Key words: assertion, assertiveness training, efficacy, meta-analysis, social anxiety



Social anxiety involves an acute fear of scrutiny or negative judgment by others (Creed & Funder, 1998). Thus, social situations are met with intense anxiety or avoided entirely. The distress caused by social anxiety can have an adverse effect on everyday activities, such as shopping, eating in public, or talking with unfamiliar people (National Institute of Mental Health, 2022). To meet the criteria for social anxiety disorder, an individual must experience persistent marked anxiety in social situations and significant impairment in social, occupational, or other crucial aspects of functioning (American Psychiatric Association, 2013). However, social anxiety likely exists on a spectrum, with many individuals experiencing moderate levels of social anxiety and resultant problems (Dell’Osso et al., 2003), without meeting the criteria for the disorder.

Prevalence of Social Anxiety Problems

Social anxiety develops early in life. Of people with social anxiety disorder, 50% are affected by age 11 (Stein & Stein, 2008). Jefferies and Ungar (2020) found that 23-58% of people aged between 16 and 29 globally met the criteria for social anxiety disorder.
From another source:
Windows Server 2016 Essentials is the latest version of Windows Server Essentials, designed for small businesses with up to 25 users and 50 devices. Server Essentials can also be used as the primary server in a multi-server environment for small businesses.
Theories of Social Anxiety   

Several theories have been advanced to explain the causes of social anxiety. Learning theorists propose that social anxiety arises from conditioned responses to social cues (Mattick et al., 1995). Bandura (1982) suggested that individuals learn social anxiety by observing the behavior of others. Attachment theory (Bowlby, 1973) posited that experiences early in life form working models (cognitive schemas) that influence later interactions with others. Secure attachment to caregivers in childhood enables the development of supportive relationships later in life. Conversely, an insecure attachment can result in emotional unavailability and impaired social skills in adulthood (Mallinckrodt & Wei, 2005). Impaired social skills can negatively affect self-esteem, social self-assurance, and assertiveness. These working models influence how social information is received, which then determines emotional and behavioral responses. These emotional and behavioral responses are likely to be reflexive, often without conscious influence or realization (Collins, 1996).           
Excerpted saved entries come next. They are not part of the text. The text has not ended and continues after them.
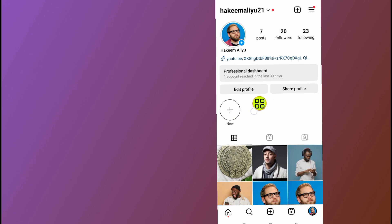As you can see, after refreshing, all my highlights have been deleted. That's it — that's how to delete all Instagram highlights at once. Hope this video helps you out. Don't forget to like and subscribe. Thank you guys.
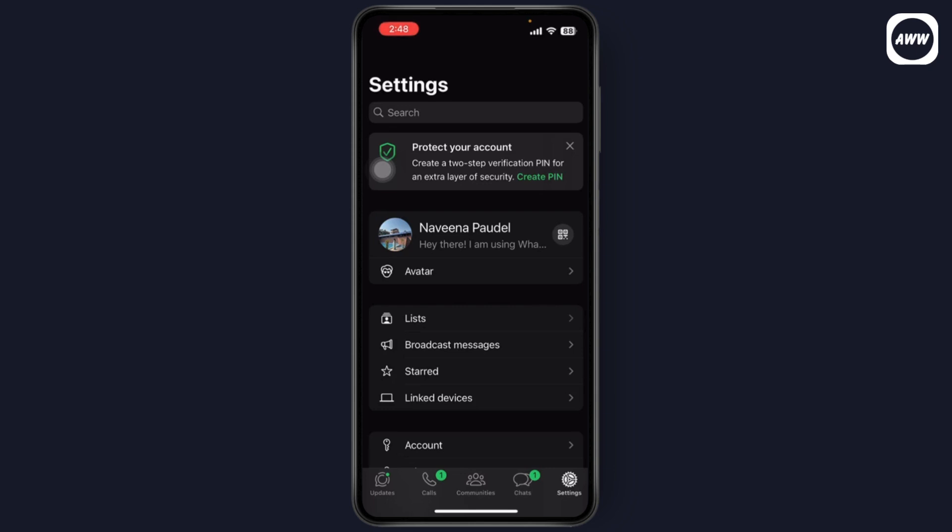The update also appears to stop your shared media from being automatically saved to someone else's camera roll, even if they have enabled the save all media option for your chat. However, it's still unclear whether it blocks people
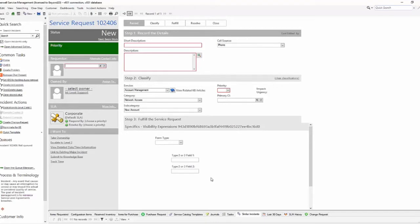These two fields — 'Type 2 or 3 Field 1' and 'Type 2 or 3 Field 2' — have a visibility expression that says if the form type does not equal Type 1, then display them. Right now, the form type does not equal Type 1, so these two fields are visible.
Cognitive schemas also inform assumptions relating to social situations. A socially anxious individual may pre-empt negative feedback from others, inhibiting social interaction. Any negative feedback confirms this prediction. Further, self-criticism can arise from this want of assertiveness (Beck et al., 2005). A study by Hope et al. (1998) demonstrated that individuals with social anxiety class themselves as subordinate in relation to others and lack self-assuredness. This belief was expressed through behaviors characteristic of a subordinate status, such as inhibition, passivity, and hesitancy. Such unassertive behavior can be used as a safety measure to minimize risk in anxiety-inducing circumstances (Swee et al., 2018).

Interventions for Social Anxiety     

Effective interventions for social anxiety can reduce the burden on the individual and, by extension, society. Interventions for social anxiety include pharmacotherapy, cognitive therapies, and behavior training. Pharmacotherapies, involving benzodiazepines, SSRIs, and monoamine oxidase inhibitors, often produce improvement, but they also pose side-effect risks to the patient. (Hall & Buckley, 2003; Lane, 1998; Stahl, 2013; Volpi-Abadie et al., 2013).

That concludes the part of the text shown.